Exercise objective:
Nothing but a number should be given: how many lines in the entries below include the string "black".

Collection entries:
* * *

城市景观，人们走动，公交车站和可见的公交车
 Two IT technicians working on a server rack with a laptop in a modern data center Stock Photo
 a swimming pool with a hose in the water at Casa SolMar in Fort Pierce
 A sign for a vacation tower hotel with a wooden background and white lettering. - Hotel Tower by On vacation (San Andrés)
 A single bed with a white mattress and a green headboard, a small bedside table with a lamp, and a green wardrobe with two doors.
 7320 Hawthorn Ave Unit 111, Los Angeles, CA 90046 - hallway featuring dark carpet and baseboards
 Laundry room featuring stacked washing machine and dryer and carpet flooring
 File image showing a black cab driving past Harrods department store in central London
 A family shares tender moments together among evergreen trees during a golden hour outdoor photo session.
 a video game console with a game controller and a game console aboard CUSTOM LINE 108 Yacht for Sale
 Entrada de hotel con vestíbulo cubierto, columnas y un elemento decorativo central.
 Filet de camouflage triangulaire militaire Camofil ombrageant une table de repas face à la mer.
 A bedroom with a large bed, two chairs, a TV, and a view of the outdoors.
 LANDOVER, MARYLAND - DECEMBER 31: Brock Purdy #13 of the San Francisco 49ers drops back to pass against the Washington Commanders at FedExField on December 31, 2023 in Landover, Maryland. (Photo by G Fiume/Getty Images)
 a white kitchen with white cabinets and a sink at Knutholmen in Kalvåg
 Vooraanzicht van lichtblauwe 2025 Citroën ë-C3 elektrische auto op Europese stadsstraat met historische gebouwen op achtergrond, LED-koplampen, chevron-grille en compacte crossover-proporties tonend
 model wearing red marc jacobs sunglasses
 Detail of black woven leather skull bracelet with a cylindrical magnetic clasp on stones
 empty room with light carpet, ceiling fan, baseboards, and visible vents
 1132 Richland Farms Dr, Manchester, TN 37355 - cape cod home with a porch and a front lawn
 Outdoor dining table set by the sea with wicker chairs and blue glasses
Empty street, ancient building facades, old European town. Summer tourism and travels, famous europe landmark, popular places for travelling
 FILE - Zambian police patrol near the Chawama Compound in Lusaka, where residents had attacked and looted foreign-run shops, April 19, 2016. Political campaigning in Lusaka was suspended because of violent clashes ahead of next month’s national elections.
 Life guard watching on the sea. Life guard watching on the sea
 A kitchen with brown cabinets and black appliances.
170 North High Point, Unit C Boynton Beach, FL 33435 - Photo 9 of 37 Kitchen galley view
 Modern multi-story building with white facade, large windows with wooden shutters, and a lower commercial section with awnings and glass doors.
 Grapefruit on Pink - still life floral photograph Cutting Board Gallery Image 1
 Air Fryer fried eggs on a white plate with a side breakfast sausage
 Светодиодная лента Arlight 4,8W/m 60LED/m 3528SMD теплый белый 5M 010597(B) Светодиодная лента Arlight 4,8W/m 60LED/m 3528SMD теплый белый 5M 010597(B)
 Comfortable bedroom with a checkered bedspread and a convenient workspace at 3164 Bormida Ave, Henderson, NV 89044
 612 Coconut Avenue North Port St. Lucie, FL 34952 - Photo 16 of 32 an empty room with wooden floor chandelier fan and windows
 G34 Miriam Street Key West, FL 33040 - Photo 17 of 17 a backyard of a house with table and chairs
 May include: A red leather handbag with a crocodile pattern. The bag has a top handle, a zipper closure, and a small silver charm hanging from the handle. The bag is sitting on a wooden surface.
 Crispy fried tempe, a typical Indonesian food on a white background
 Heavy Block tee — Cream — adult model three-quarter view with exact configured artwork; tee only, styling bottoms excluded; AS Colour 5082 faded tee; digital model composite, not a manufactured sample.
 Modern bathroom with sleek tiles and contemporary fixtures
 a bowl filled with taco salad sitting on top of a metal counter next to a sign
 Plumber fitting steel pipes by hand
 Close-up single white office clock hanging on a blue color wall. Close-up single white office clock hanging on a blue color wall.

* * *

Finished exercise:
3